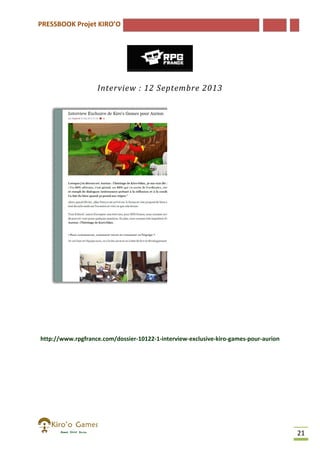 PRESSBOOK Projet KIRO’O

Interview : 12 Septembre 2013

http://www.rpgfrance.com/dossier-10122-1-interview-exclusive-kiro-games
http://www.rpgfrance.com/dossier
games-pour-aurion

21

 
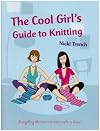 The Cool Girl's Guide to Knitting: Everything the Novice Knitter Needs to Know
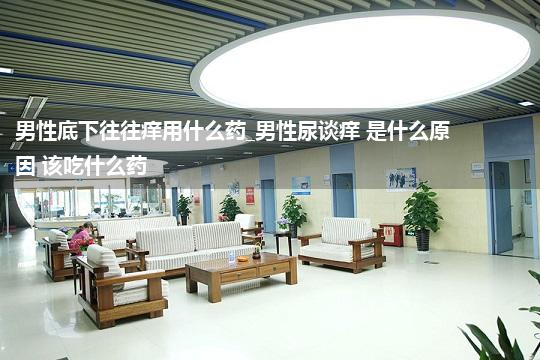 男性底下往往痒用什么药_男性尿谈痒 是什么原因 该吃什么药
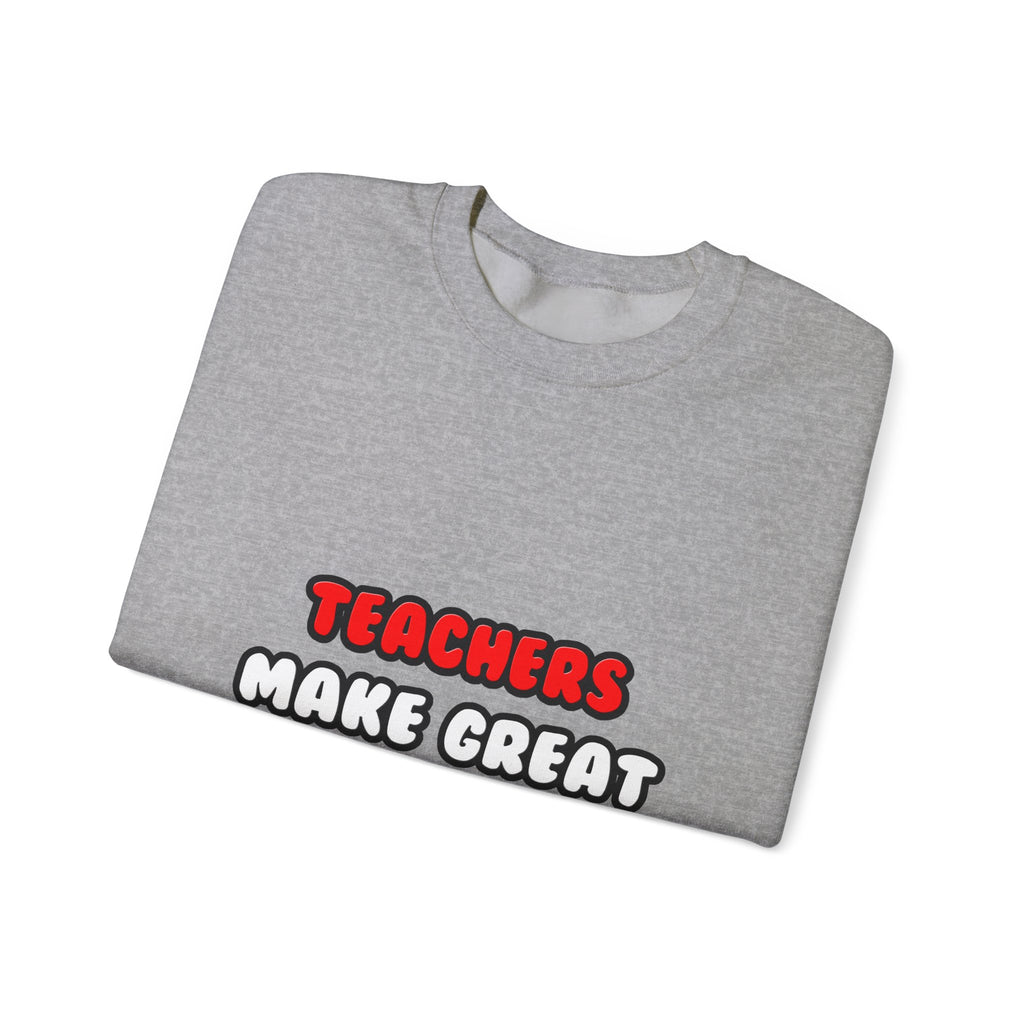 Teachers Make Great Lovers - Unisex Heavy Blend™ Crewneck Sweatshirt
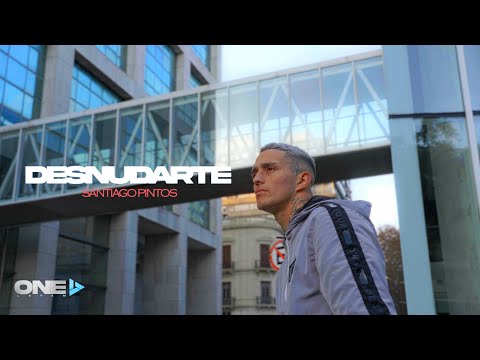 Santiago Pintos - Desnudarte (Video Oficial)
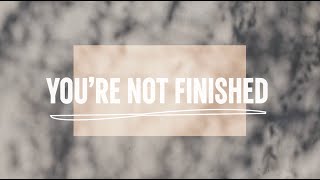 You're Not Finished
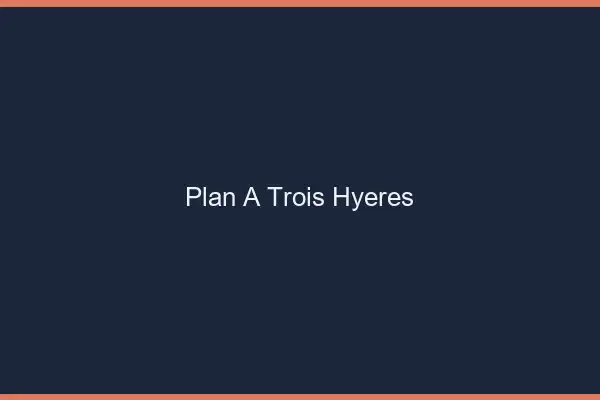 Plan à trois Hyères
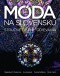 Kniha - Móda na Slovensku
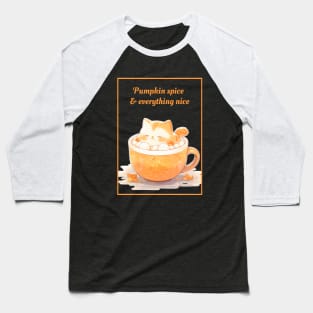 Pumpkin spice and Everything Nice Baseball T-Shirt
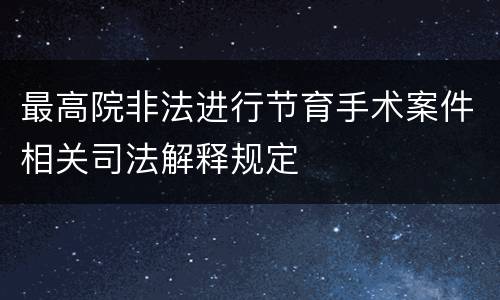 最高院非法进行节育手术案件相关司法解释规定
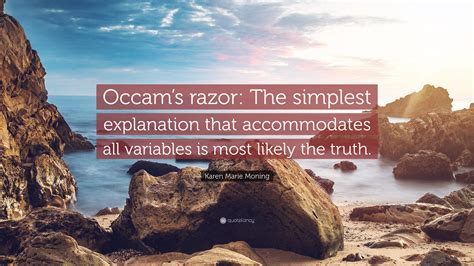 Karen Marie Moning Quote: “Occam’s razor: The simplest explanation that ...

---

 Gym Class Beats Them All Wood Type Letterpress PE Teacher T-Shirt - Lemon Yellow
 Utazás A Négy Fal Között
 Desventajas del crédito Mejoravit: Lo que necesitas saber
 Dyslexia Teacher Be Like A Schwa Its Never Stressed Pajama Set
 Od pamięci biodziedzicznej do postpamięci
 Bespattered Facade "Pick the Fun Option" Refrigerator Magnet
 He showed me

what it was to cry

*Directions for this task*
Exact copy, no pictures. Write out the lines in the entries above, starting with the line with "Santiago Pintos - Desnudarte (Video Oficial)" and going on through the line with "Karen Marie Moning", keeping both.

*Completed task*
 Santiago Pintos - Desnudarte (Video Oficial)
 You're Not Finished
 Plan à trois Hyères
 Kniha - Móda na Slovensku
 Pumpkin spice and Everything Nice Baseball T-Shirt
 最高院非法进行节育手术案件相关司法解释规定
 Karen Marie Moning Quote: “Occam’s razor: The simplest explanation that ...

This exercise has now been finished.